Primero consideré arquitectura, pero como en el grupo de los Gonzagas yo había tenido contacto con algunos que estudiaban arquitectura, me había dado cuenta de que era una vida muy desordenada y había que trasnochar mucho. No era para mí. En el colegio nos habían hecho un supuesto psico-test, pero eso era una farsa que no orientaba nada. Nadie me ayudó a escoger la carrera. Sólo recuerdo que también descarté ingeniería para diferenciarme de los ingenieros de mi familia. Decidí estudiar economía sin tener realmente claro por qué.
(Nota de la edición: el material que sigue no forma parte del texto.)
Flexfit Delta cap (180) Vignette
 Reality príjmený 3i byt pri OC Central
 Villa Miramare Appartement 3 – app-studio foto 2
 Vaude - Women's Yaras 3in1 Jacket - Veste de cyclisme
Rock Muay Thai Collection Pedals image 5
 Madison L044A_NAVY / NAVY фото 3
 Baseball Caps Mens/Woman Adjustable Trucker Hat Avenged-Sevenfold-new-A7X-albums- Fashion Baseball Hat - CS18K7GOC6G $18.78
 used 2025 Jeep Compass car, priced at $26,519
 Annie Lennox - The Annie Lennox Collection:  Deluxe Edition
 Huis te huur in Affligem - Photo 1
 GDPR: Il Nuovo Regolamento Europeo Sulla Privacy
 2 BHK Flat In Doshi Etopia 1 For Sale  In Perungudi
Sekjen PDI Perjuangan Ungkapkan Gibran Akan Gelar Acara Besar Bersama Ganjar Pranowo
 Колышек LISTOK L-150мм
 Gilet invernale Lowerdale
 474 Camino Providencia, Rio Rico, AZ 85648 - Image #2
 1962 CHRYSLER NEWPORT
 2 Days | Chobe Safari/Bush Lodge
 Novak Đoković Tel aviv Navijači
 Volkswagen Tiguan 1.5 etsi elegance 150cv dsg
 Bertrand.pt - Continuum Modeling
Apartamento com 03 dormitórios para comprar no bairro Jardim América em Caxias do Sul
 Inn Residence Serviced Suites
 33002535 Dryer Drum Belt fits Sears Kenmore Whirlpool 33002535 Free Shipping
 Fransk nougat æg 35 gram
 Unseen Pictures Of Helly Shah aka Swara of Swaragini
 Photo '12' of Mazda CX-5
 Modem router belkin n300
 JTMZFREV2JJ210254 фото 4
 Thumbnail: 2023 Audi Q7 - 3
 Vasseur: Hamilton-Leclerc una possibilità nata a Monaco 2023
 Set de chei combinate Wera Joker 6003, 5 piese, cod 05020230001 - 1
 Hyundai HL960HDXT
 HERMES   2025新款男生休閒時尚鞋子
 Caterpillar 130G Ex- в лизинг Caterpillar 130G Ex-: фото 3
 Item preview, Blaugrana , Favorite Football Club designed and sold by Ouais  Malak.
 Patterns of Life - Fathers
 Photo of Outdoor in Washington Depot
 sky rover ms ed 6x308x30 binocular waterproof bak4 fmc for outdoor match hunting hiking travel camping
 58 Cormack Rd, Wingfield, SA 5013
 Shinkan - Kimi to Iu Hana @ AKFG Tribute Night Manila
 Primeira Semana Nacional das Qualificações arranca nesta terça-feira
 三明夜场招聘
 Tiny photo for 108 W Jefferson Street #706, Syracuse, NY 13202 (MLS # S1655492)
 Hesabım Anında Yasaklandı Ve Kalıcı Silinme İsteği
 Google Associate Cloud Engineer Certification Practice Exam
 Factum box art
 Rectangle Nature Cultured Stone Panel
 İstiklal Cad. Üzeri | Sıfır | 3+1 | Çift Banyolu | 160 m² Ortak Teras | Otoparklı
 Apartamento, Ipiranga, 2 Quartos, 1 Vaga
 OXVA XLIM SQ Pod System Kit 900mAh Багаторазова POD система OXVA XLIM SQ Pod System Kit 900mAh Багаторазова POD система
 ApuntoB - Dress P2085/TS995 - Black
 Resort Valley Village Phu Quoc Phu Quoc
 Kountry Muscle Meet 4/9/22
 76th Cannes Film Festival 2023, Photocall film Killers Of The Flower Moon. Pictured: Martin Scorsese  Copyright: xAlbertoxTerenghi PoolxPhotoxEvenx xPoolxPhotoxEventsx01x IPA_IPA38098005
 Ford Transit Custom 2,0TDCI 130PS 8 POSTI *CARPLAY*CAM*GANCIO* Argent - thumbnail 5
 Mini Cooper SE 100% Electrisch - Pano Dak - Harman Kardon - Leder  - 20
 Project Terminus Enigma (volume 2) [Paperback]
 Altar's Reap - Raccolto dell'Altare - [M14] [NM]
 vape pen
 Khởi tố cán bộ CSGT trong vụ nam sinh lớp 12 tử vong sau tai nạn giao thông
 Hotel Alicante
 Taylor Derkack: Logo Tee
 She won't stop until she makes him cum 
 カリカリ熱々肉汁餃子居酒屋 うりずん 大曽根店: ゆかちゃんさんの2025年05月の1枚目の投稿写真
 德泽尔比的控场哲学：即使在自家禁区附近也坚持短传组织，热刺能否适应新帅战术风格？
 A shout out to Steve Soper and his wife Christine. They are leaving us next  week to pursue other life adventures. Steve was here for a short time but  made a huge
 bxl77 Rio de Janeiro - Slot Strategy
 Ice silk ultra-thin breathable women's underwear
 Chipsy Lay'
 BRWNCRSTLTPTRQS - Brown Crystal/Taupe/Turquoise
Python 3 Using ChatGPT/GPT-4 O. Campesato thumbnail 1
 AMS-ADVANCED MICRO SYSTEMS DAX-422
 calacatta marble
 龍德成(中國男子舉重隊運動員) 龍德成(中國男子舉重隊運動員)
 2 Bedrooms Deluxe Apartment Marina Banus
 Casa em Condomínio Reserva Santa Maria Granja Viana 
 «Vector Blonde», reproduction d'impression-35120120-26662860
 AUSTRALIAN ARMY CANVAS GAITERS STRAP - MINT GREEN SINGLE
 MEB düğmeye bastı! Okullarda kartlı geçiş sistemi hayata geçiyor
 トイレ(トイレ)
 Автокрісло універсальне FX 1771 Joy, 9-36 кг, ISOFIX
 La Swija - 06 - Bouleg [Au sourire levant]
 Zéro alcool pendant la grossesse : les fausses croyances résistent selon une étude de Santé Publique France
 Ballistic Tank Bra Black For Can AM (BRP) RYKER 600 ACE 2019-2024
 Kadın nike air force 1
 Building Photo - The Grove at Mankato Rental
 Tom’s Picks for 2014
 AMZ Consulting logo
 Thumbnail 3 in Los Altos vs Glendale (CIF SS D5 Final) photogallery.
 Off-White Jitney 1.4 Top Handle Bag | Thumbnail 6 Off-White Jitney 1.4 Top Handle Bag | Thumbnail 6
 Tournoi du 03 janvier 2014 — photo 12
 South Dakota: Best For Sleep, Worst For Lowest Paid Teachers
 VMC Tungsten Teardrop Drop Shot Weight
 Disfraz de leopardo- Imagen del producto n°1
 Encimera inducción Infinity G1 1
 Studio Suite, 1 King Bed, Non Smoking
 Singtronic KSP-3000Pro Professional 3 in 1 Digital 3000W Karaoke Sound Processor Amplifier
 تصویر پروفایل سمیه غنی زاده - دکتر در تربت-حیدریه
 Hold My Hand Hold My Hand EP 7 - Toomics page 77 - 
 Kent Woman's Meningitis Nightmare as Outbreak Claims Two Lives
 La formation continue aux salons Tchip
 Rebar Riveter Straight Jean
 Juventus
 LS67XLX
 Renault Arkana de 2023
Sólo tenía la vaga noción de que en esa carrera uno podía ayudarle a la gente.

Estudiar en la Nacional fue de rigor porque éramos muchos en la casa y mis papás tenían la idea de que las niñas debían estudiar en universidad privada, mientras que los hombres debíamos ir a la Nacional, que tenía la mejor reputación académica. Y así lo hicimos mis hermanos y yo (ellos en ingeniería). Como eran grupos tan grandes, la Nacional me dio la posibilidad de relacionarme con gente muy diversa. Hice un grupo de amigos relativamente pequeño, con los que pasaba muy bien, pero hace tiempo que no veo a ninguno de ellos.

Cuando empecé a estudiar economía, en 1970, la Facultad estaba en un momento de efervescencia intelectual. Allí me deslumbré con la precisión gráfica y matemática de la microeconomía. Participé en un club académico liderado por algunos profesores que tenían muy buena formación teórica, y en el que eran muy activos algunos estudiantes de los últimos semestres que habían sido influenciados por Lauchlin Currie. Pero eso duró poco. Vino paro tras paro y cierre tras cierre; el nivel académico cayó en picada y lo único que sobrevivió fue la teoría económica marxista. En un principio me interesó muchísimo pero más tarde me sentí frustrado por la falta de seriedad de los profesores y la debilidad del programa de estudios.

Traté de pasarme a la Universidad de los Andes, donde fui admitido, pero mis padres no podían ayudarme con la matrícula. Yo ya trabajaba, pero mi modesto salario no era suficiente para pagar los estudios en los Andes. Varios amigos del grupo de la Nacional sí se cambiaron, unos para el Rosario otros para la Tadeo. Me quedé a regañadientes y traté de hacer lo mínimo para poder terminar cuanto antes la carrera. Incluso logré algunas matrículas de honor, pero no puedo decir que estuviera entregado a la vida académica, ni mucho menos. Para terminar la carrera escribí una tesis sobre “La Implantación del Sistema de Dominación Colonial” (1976), con la dirección de Salomón Kalmanovitz. Sin duda ese fue el período más demandante y enriquecedor de mis años en la Nacional.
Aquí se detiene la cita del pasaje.